Pantomimes



Yes, that's John Hurt in the video above, adding his melancholy face and wry smile to the mise-en-scene of Paul McCartney's "Take It Away" (1982), and evoking (as McCartney notes in the commentary track) the late Brian Epstein, the Beatles' first manager. The video skillfully uses close-ups (on car headlights, instruments, faces) as transitions that take us from bedroom to recording studio to triumphant concert performance. The skillful filmmaking and Hurt's presence act as reminders of an earlier age of music video: big-budget, driven by narrative, and still feeling out the relationship between song, image and salesmanship that, within two years, MTV will have perfected.

The video is included on The McCartney Years, an expansive collection of music videos, documentaries, and concert clips that was released on DVD last fall. It covers the whole of McCartney's solo career, from "Maybe I'm Amazed" in 1970 to "Fine Line" in 2005, and it is by turns witty, clunky, imaginative, overly literal, evocative-- and always, always charming. Charm is one of McCartney's best assets, as both a musician and a public personality, and it's one that's occasionally caused him to get a bum rap from hipster quarters. It serves him well here, though-- these are mini-films as much as music videos, and McCartney's game attitude anchors and slyly comments on the hokey narratives and overly effects-driven visuals that sometimes surround him. He really is a very natural performer, and the cumulative effect of the videos is to make me wish someone would cast him in a film (preferably against type, where that charm could be deployed in a more ironic fashion, like Cary Grant's sometimes was).

HIghlights of the package include a video for "Band On The Run" that uses Pop Art animation and Beatles imagery to transform the song into a quasi-autobiographical tale of escaping from Liverpool to America; "Say Say Say," his collaboration with Michael Jackson that in video form becomes a story about two con men on the run; and 1997's "Beautiful Night," full of layered B&W imagery whose liquid textures transform the scenes of domestic bliss into something much more unstable and ambivalent. You might imagine the best videos go with the best songs, but that's not always the case. "My Brave Face," the superbly bouncy lead single from 1989's Flowers In the Dirt, is saddled with a lame, jokey film that tells a tale of obsessive fandom that's completely at odds with the song's ironic take on marital woe; on the other hand, a lame disco retread like "Goodnight Tonight" has a wonderfully strange video whose sepia tones, scratched film stock and grubby Weimar setting are a striking juxtaposition to the mocern, mechanical beats of the song, and set off associations with Dada and Kraftwerk that might that I never would've thought of otherwise.

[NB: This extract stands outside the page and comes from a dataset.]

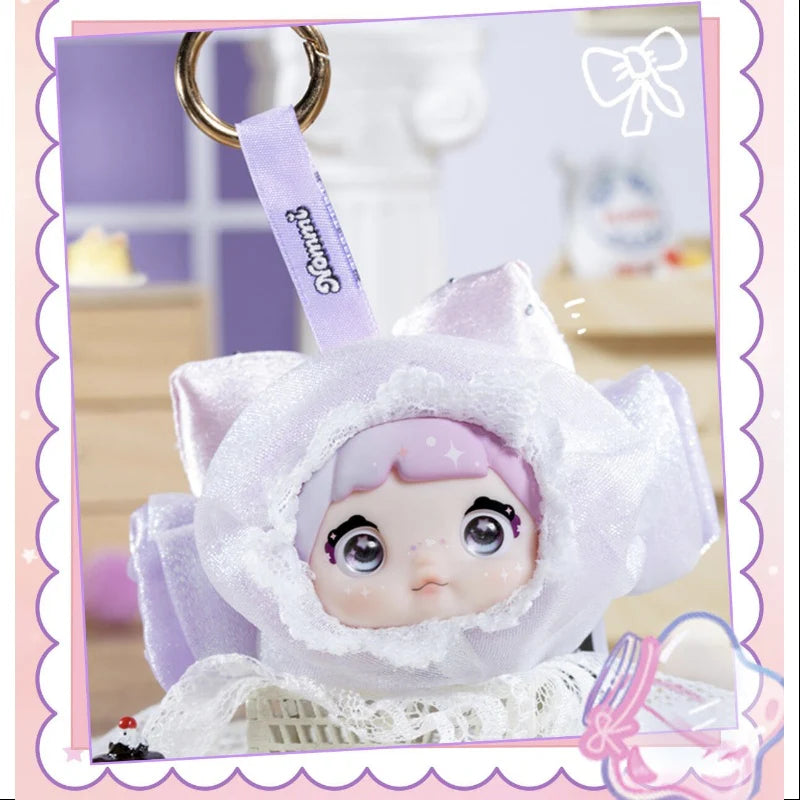 Nommi V9 100% Sweetness Series Blind Box featuring a cute doll in a flower costume with a keychain.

My favorite video on the collection, though, might be 1980's "Coming Up," from McCartney II. Paul played every instrument on the record, so the video must create a "band" by reproducing multiple McCartneys on guitars, bass, drums, etc. (Linda appears on backing vocals). The bright Technicolor look matches the song's synthesized drumbeats, and the McCartney clones allow the musician to show and parody multiple sides of his public persona: boyish frontman with the mic, "serious musician" on keyboards (complete with imperious John Cleese mustache), Buddy Holly fanatic on guitar, and strangely familiar moptop with bowl haircut and Hofner guitar on bass. As this moptop sings along, he rocks back and forth, shakes his head with gusto, and shouts his "woo!" with a near-maniacal glee, utterly oblivious to how silly he looks. It's Dana Carvey's Paul McCartney impersonation a decade before it debuted on SNL, except it's even funnier because it's being done to a fine point by the star himself.